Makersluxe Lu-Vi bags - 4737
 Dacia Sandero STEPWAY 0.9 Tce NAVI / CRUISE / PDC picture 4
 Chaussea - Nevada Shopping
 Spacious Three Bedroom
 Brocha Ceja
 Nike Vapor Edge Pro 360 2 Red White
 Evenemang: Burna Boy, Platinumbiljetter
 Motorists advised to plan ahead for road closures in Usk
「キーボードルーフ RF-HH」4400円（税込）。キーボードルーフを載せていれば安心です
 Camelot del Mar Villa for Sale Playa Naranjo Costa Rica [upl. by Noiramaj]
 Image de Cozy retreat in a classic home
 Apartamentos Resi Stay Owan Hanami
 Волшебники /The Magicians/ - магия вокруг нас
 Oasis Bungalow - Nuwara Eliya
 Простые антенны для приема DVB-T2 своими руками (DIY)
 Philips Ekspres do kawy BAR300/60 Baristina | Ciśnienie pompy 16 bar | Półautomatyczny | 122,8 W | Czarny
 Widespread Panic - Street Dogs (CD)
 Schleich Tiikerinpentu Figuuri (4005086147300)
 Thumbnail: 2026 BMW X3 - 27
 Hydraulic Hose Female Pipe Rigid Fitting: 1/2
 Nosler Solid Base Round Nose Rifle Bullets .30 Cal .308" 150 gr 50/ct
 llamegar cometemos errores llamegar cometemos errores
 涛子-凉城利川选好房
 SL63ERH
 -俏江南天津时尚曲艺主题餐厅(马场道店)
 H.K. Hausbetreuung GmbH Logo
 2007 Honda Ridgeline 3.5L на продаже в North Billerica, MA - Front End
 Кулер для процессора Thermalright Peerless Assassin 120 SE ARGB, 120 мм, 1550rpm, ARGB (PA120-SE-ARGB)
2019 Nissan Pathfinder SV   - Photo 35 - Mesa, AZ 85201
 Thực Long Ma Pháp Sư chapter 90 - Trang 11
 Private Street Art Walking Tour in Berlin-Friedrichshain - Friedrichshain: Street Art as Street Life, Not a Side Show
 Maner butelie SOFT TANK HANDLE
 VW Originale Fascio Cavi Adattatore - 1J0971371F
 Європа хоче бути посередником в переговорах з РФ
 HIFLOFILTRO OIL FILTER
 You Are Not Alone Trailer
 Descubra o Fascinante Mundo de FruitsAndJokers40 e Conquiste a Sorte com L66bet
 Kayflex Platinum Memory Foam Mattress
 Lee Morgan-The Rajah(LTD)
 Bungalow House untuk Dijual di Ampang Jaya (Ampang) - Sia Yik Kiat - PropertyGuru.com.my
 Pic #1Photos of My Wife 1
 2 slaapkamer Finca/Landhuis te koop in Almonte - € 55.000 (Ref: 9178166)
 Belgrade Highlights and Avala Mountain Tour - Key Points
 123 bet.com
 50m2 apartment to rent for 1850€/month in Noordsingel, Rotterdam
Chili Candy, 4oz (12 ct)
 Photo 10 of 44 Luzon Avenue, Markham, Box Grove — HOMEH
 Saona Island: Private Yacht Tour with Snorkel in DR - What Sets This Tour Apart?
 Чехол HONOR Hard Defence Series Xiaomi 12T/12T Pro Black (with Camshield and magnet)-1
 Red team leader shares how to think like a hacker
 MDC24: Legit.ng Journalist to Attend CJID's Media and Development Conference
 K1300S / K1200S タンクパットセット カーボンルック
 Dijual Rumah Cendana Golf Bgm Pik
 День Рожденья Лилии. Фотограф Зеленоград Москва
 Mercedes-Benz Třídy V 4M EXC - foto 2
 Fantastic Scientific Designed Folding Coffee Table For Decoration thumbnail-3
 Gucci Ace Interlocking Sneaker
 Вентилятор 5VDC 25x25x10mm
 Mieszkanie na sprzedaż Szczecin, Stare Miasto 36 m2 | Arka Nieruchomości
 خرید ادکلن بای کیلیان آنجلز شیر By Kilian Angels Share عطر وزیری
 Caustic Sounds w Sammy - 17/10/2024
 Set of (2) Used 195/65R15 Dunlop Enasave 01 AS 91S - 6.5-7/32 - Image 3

__Exercise brief__: Beginning with the first line above, could you copy every line exactly, up to and including the one with "Philips Ekspres do"?

__Solution to the exercise__:
Makersluxe Lu-Vi bags - 4737
 Dacia Sandero STEPWAY 0.9 Tce NAVI / CRUISE / PDC picture 4
 Chaussea - Nevada Shopping
 Spacious Three Bedroom
 Brocha Ceja
 Nike Vapor Edge Pro 360 2 Red White
 Evenemang: Burna Boy, Platinumbiljetter
 Motorists advised to plan ahead for road closures in Usk
「キーボードルーフ RF-HH」4400円（税込）。キーボードルーフを載せていれば安心です
 Camelot del Mar Villa for Sale Playa Naranjo Costa Rica [upl. by Noiramaj]
 Image de Cozy retreat in a classic home
 Apartamentos Resi Stay Owan Hanami
 Волшебники /The Magicians/ - магия вокруг нас
 Oasis Bungalow - Nuwara Eliya
 Простые антенны для приема DVB-T2 своими руками (DIY)
 Philips Ekspres do kawy BAR300/60 Baristina | Ciśnienie pompy 16 bar | Półautomatyczny | 122,8 W | Czarny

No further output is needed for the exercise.